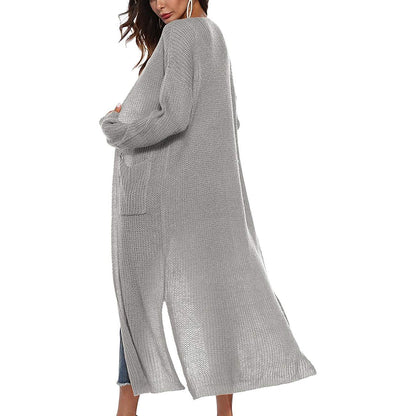 Womens Casual Long Sleeve Split Open Cardigan Knit Long Cardigan Sweaters with Pockets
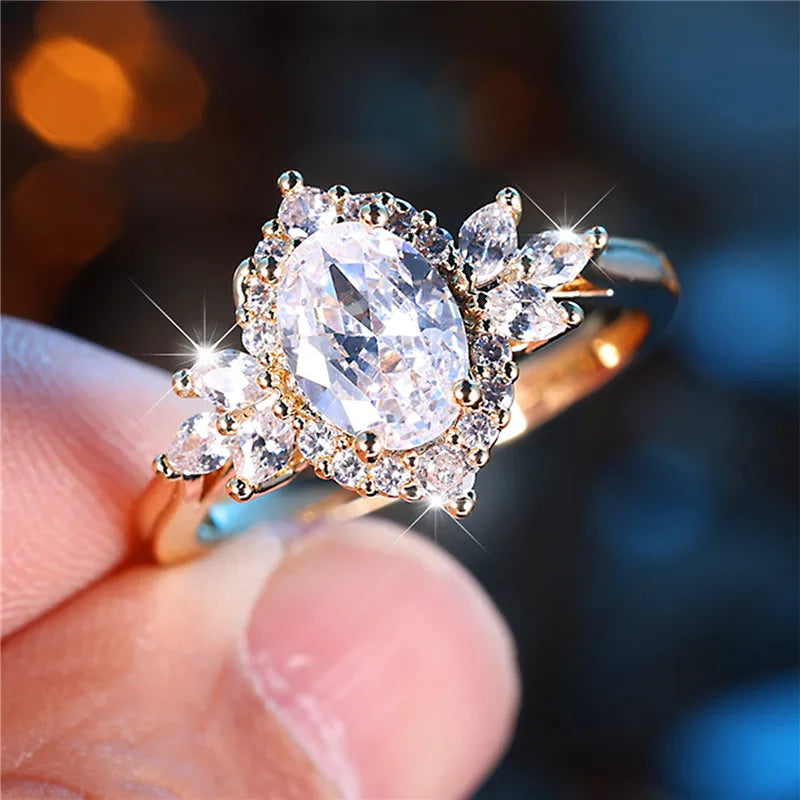 Bague de Fiançailles en Or Jaune et Blanc pour Femme, Bijoux de Luxe, Cadeau pour Mariée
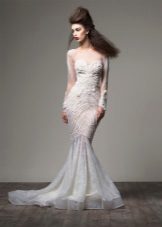 Evening dress mermaid with sleeves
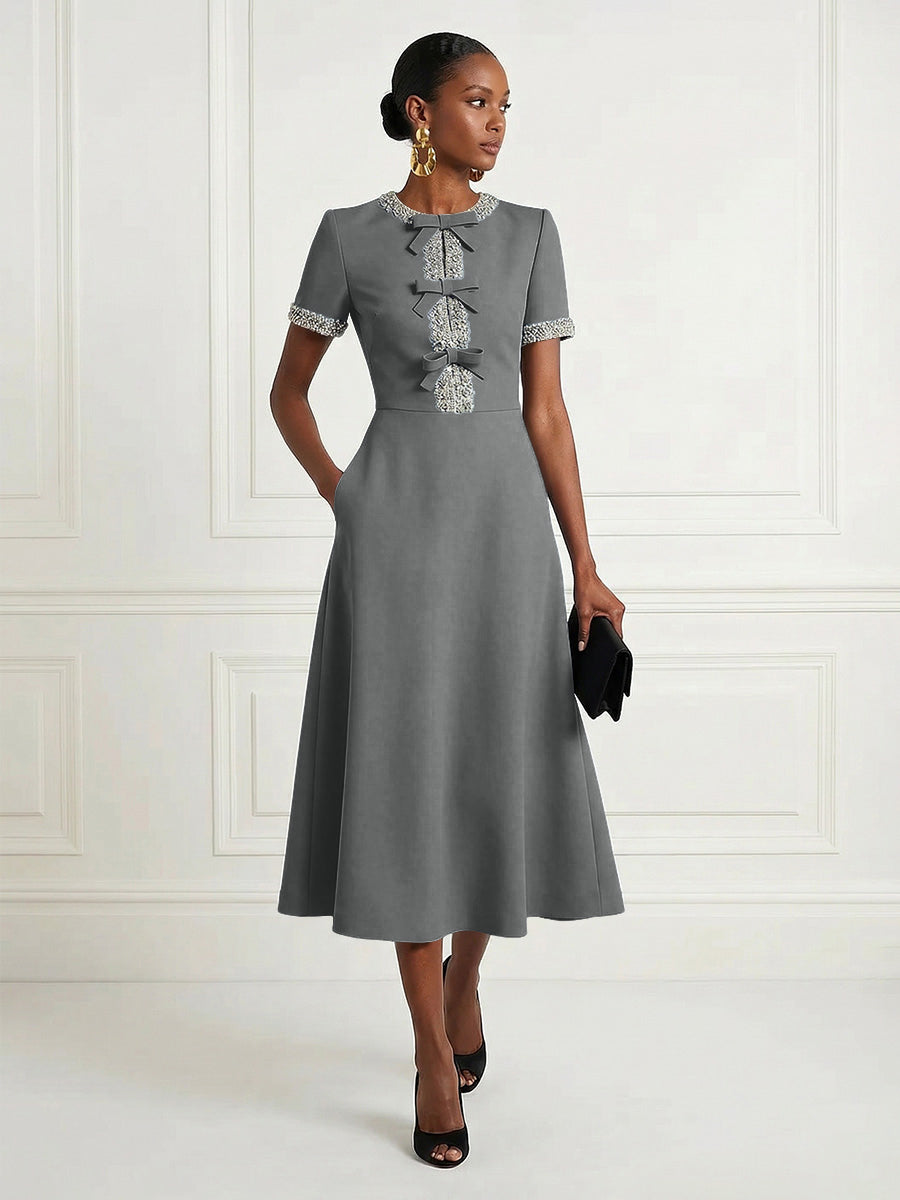 Satin A-Line/Princess Scoop Neck Tea-Length Cocktail Dresses with Rhinestones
◆ ◆ ◆
Word for word, give again the lines from the line holding "Bague de Fiançailles" through the last line of the material, both included; pictures are not part of the copy.

> ANSWER SECTION
 Bague de Fiançailles en Or Jaune et Blanc pour Femme, Bijoux de Luxe, Cadeau pour Mariée
 Evening dress mermaid with sleeves
 Satin A-Line/Princess Scoop Neck Tea-Length Cocktail Dresses with Rhinestones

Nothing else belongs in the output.